What is required – The answer must consist solely of the lines below starting at the one containing "Pão chinês tradicional" and ending at the one containing "Седан Mercedes-Benz E-Class 2004 в Киеве", repeated exactly, with both ends included and all pictures omitted.

(Collected data entries)
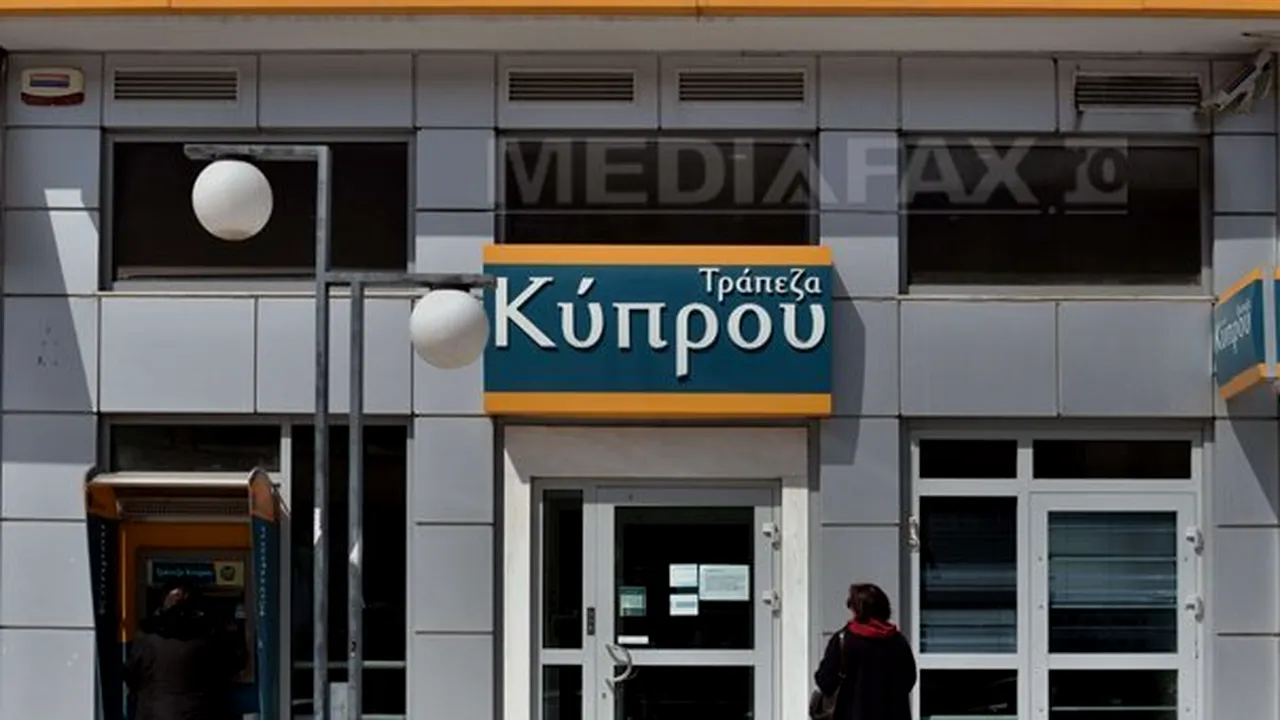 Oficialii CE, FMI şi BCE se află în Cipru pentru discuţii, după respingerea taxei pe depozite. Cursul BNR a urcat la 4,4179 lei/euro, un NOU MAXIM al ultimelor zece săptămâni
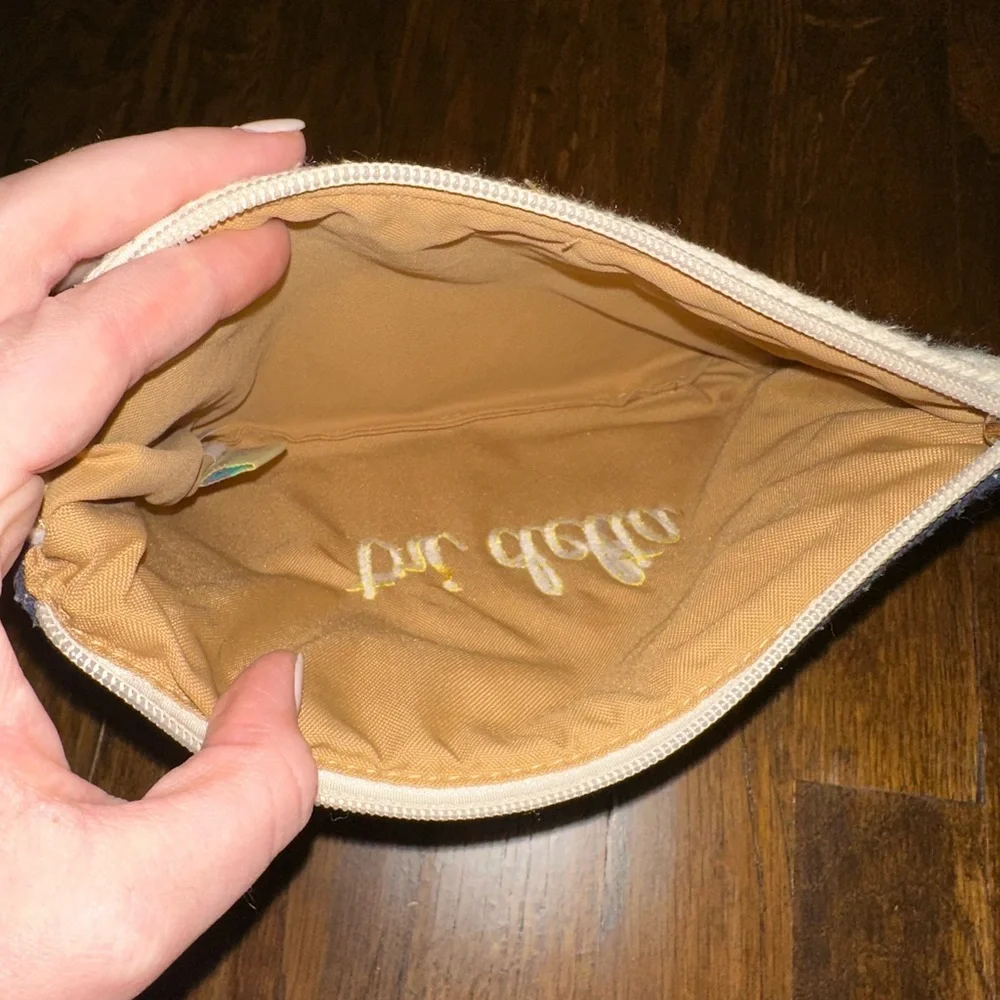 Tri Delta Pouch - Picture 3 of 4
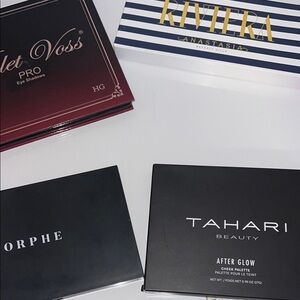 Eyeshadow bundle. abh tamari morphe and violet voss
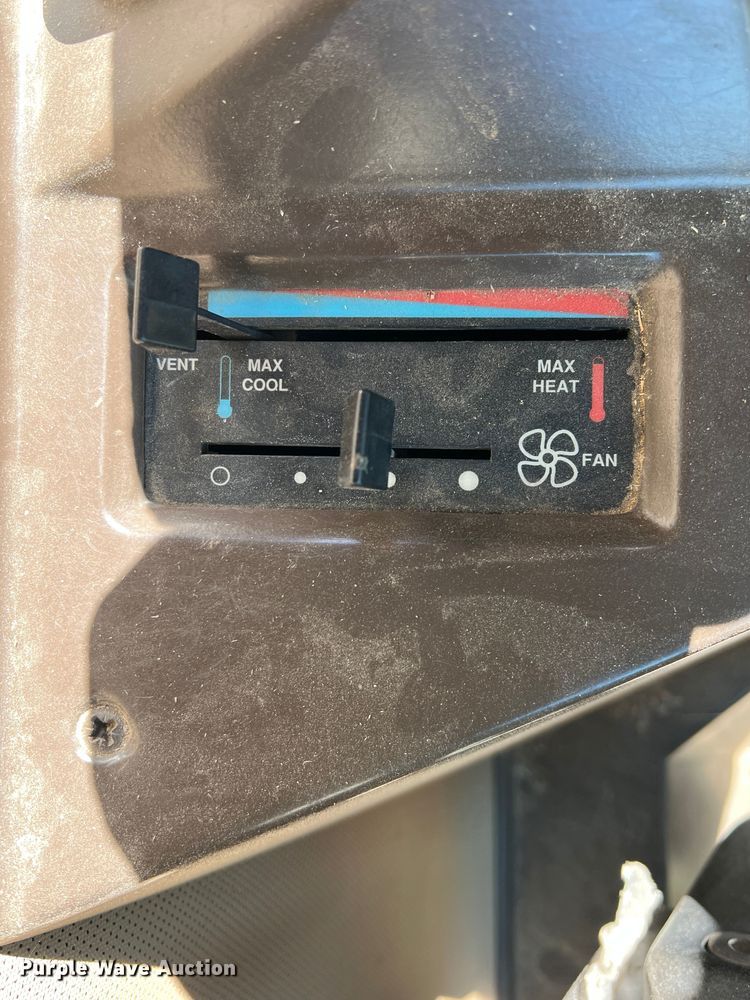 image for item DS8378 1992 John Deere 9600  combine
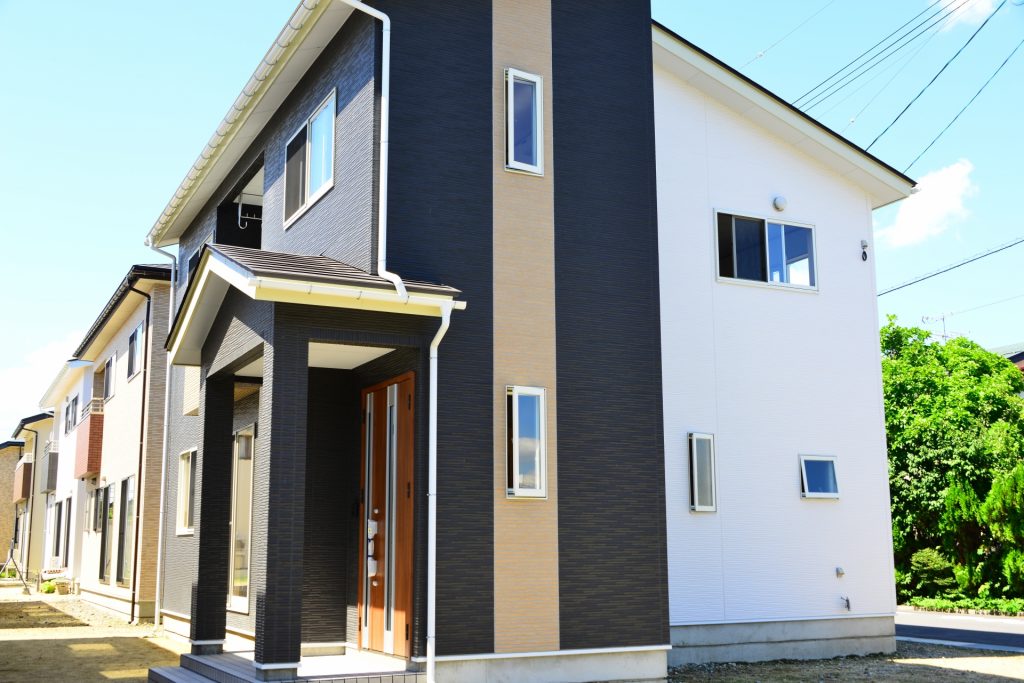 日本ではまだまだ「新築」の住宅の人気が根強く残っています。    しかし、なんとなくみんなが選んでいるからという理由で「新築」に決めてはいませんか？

---

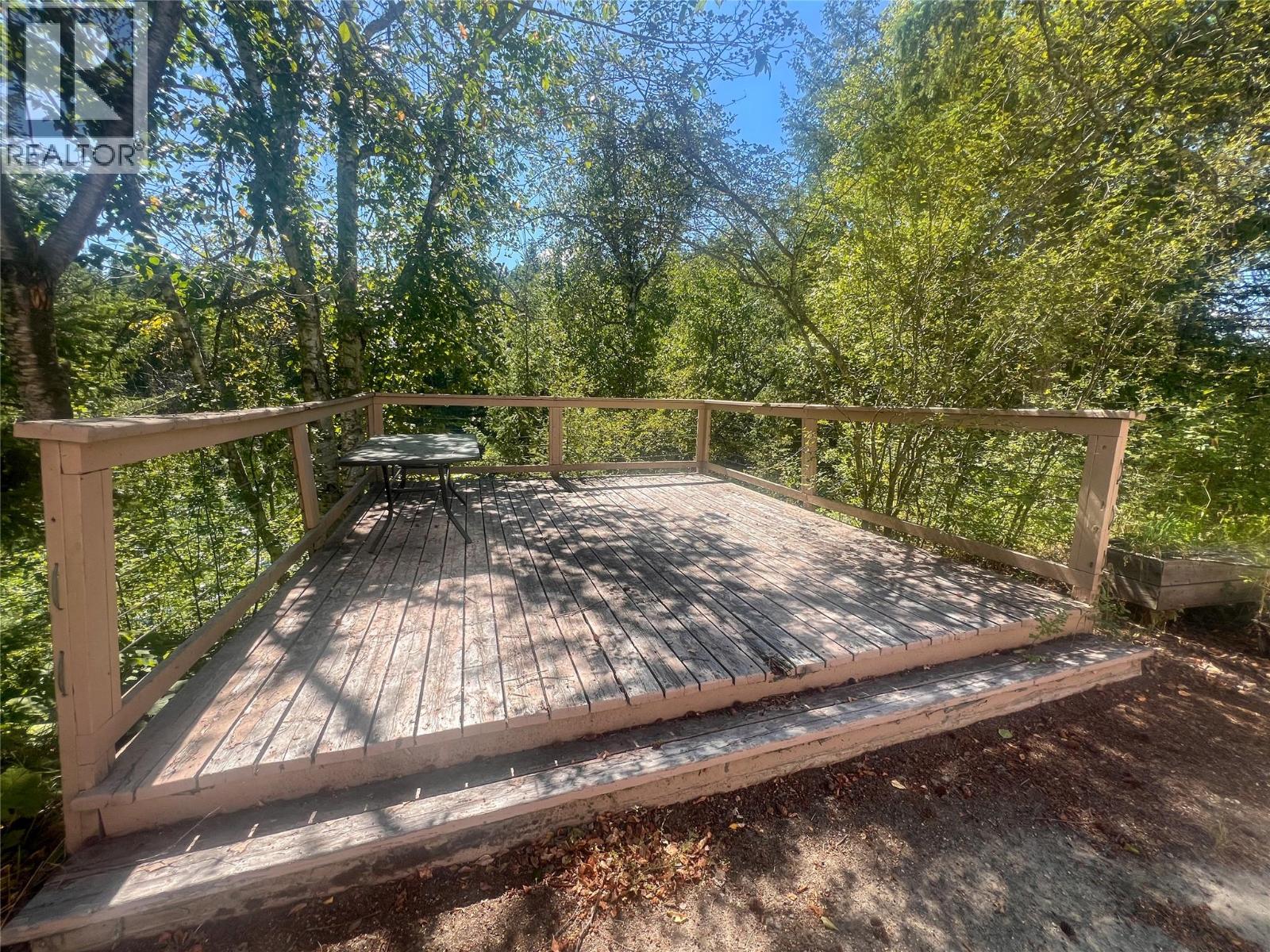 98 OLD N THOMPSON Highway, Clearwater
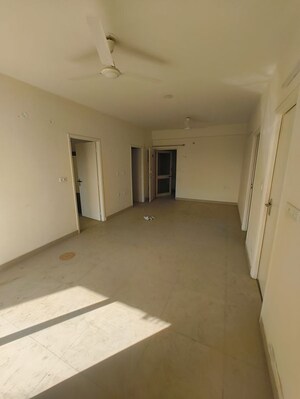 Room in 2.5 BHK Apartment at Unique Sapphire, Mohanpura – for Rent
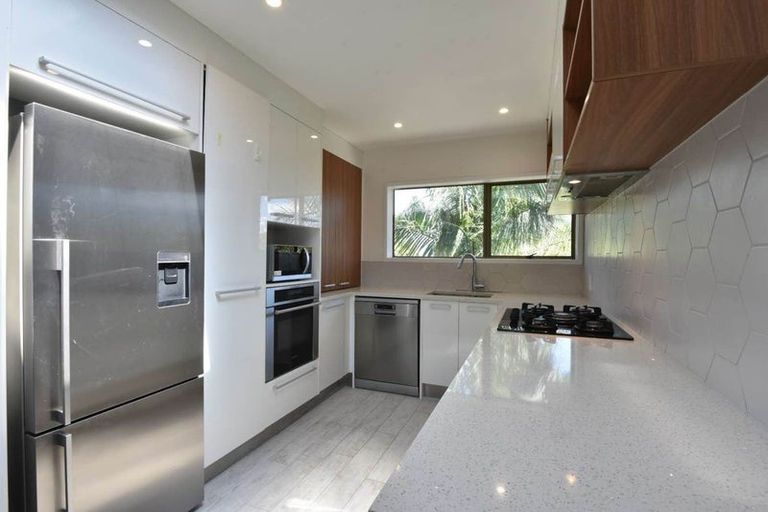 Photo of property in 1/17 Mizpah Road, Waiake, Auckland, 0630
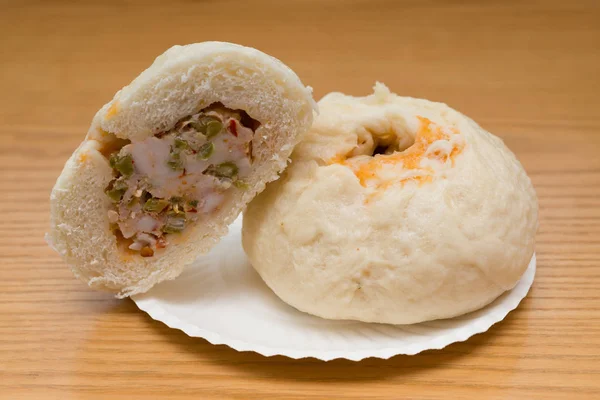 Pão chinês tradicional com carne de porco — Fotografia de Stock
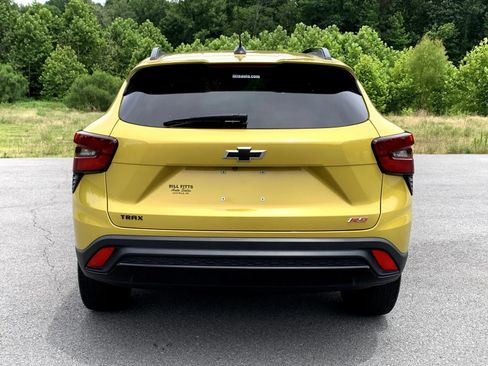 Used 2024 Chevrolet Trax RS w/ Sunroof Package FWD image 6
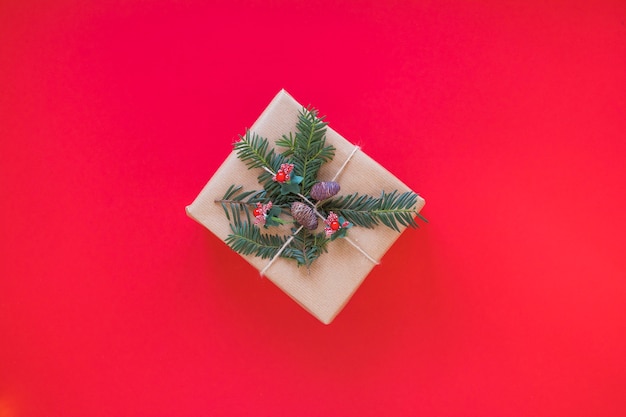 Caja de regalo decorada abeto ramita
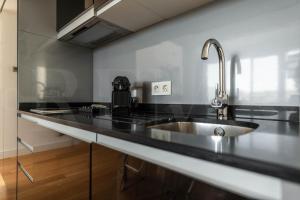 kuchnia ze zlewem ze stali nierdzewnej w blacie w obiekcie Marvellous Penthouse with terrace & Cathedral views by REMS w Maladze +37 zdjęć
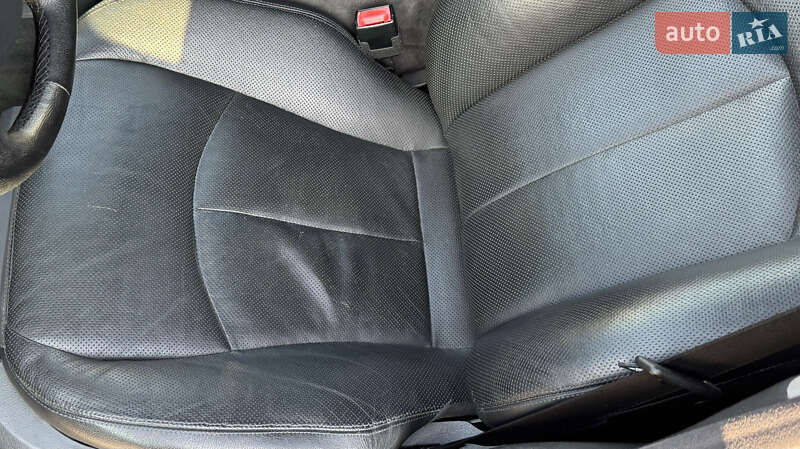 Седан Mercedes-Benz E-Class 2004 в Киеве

Your response –
 Pão chinês tradicional com carne de porco — Fotografia de Stock
 Used 2024 Chevrolet Trax RS w/ Sunroof Package FWD image 6
 Caja de regalo decorada abeto ramita
 kuchnia ze zlewem ze stali nierdzewnej w blacie w obiekcie Marvellous Penthouse with terrace & Cathedral views by REMS w Maladze +37 zdjęć
 Седан Mercedes-Benz E-Class 2004 в Киеве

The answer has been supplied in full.